◆ **Records for this exercise**:
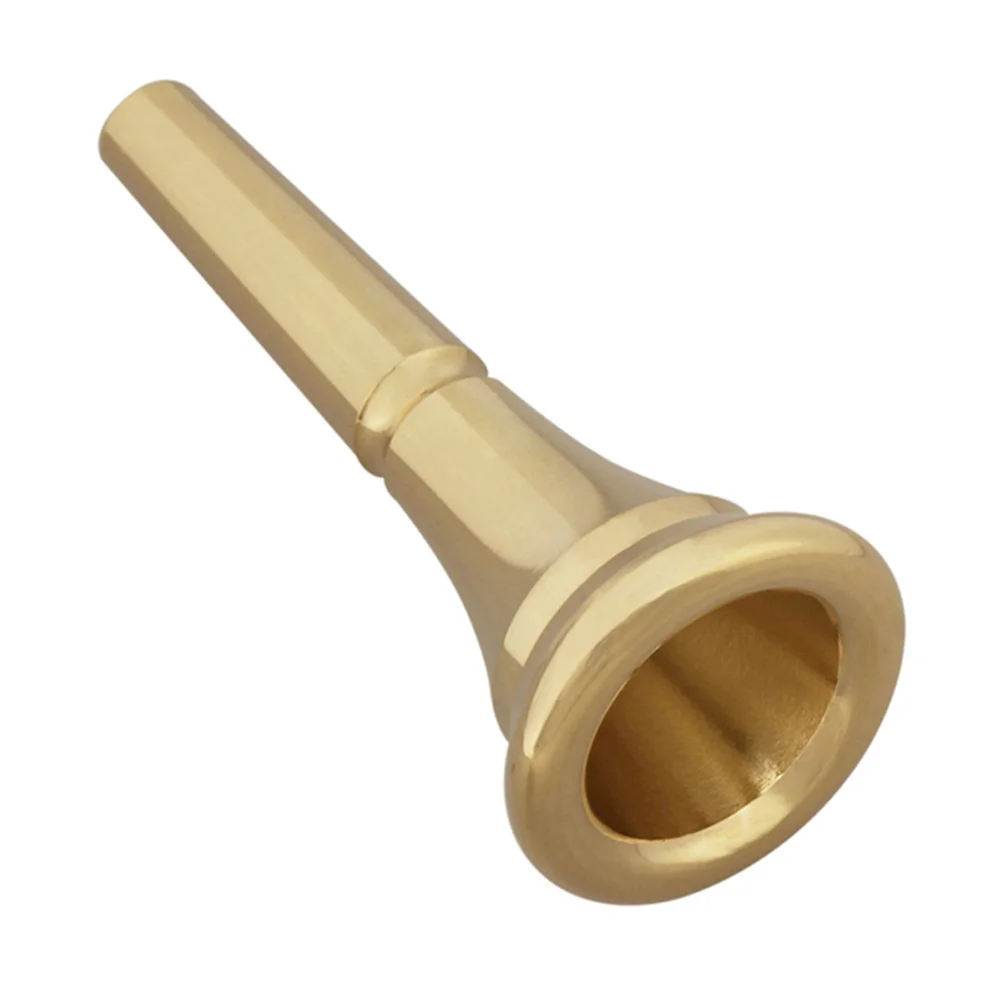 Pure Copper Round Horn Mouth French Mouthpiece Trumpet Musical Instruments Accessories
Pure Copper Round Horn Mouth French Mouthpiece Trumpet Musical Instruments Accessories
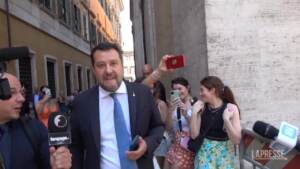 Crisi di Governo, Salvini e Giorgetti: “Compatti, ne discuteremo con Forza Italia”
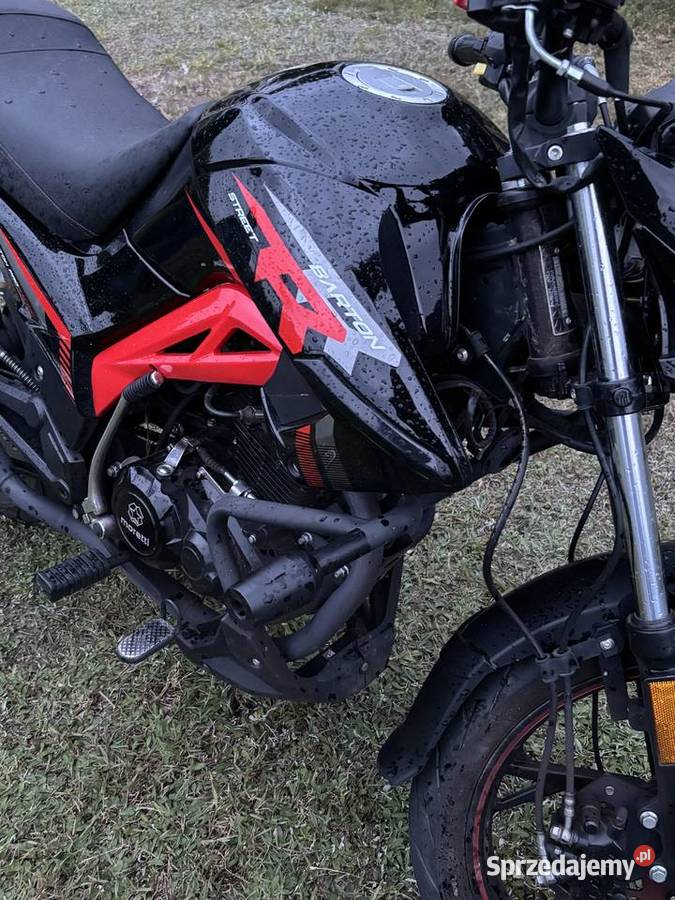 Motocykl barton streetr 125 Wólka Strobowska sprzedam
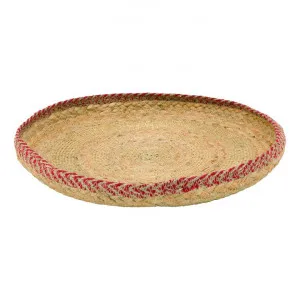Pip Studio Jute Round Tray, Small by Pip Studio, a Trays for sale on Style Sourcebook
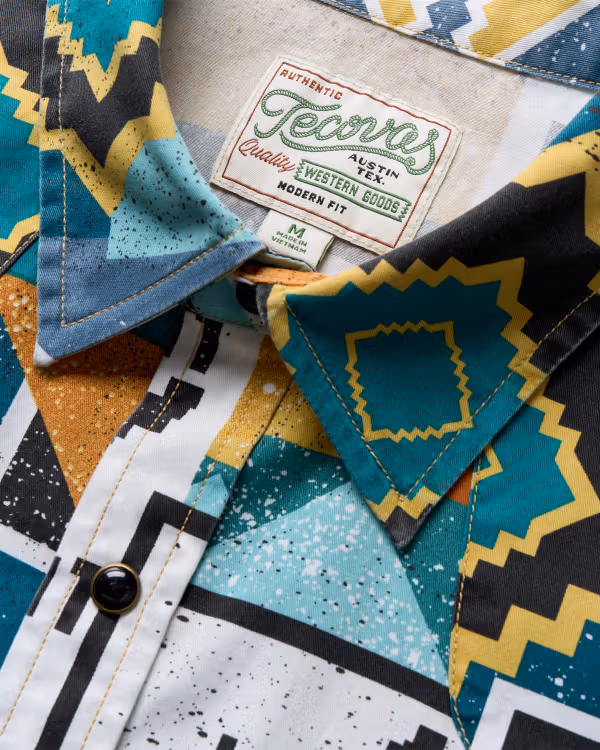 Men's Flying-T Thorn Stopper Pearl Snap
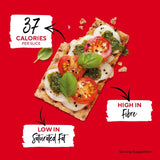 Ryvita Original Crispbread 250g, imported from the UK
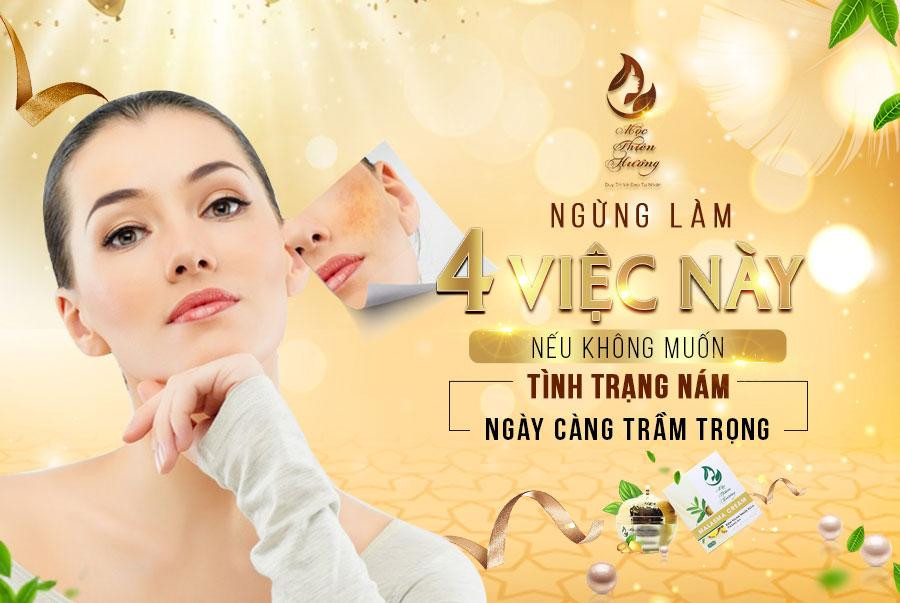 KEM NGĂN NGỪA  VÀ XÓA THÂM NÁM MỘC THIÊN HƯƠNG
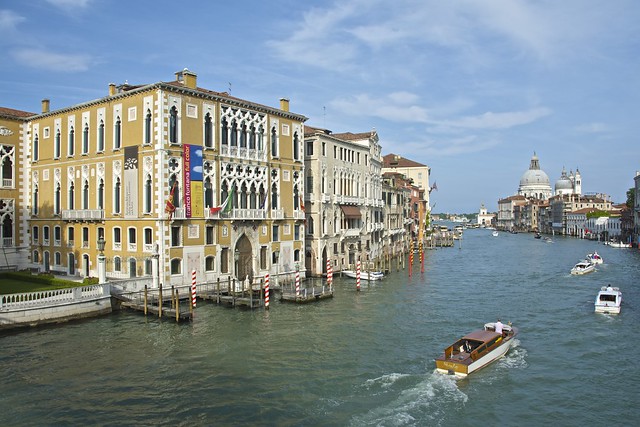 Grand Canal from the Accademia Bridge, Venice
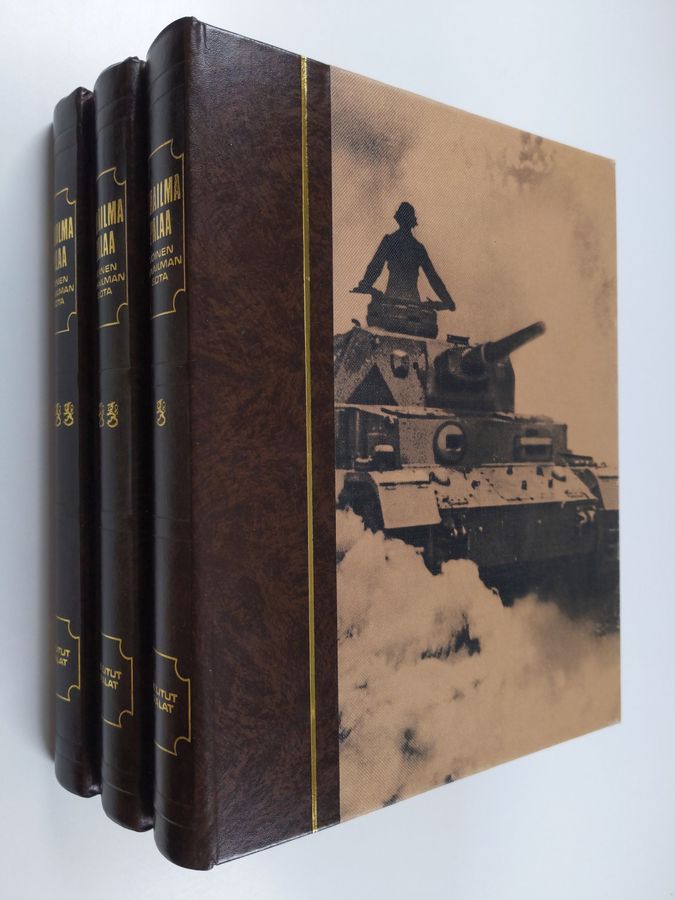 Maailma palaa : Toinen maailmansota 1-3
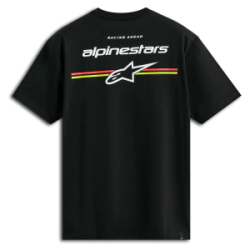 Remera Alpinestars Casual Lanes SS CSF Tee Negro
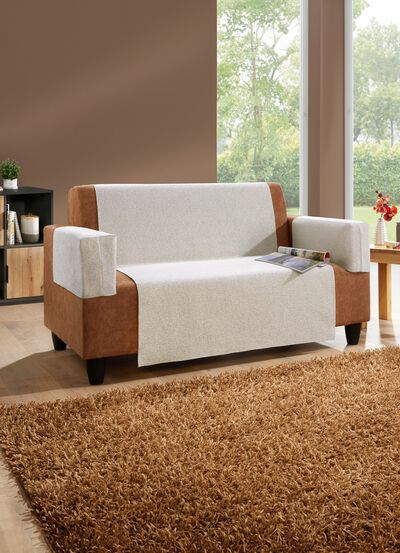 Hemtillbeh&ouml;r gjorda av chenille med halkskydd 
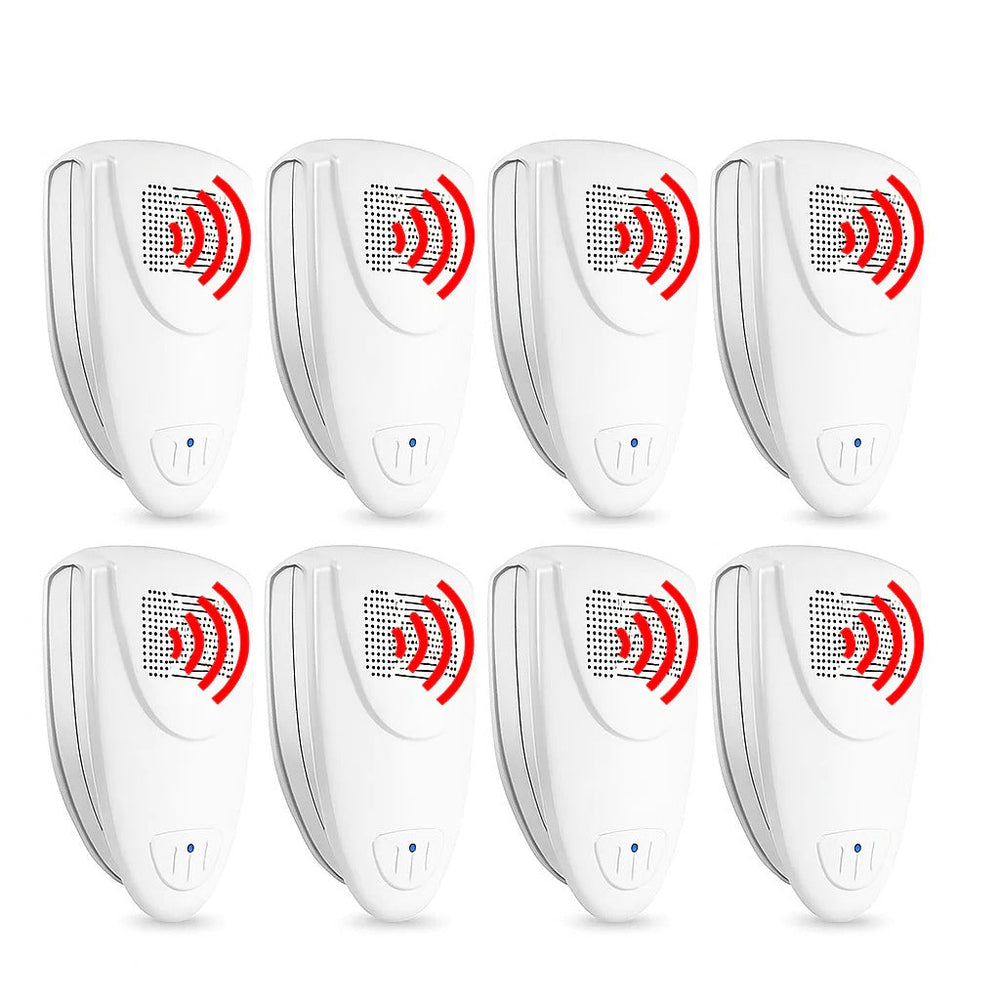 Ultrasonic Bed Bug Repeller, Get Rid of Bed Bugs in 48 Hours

◆ **Try it**: Find the line that has "Men's Flying-T Thorn Stopper Pearl Snap" in the listing, then retype it and each later line up to the last, exactly. Leave pictures out.

◆ **Reply to the task**:
 Men's Flying-T Thorn Stopper Pearl Snap
 Ryvita Original Crispbread 250g, imported from the UK
 KEM NGĂN NGỪA  VÀ XÓA THÂM NÁM MỘC THIÊN HƯƠNG
 Grand Canal from the Accademia Bridge, Venice
 Maailma palaa : Toinen maailmansota 1-3
 Remera Alpinestars Casual Lanes SS CSF Tee Negro
 Hemtillbeh&ouml;r gjorda av chenille med halkskydd 
 Ultrasonic Bed Bug Repeller, Get Rid of Bed Bugs in 48 Hours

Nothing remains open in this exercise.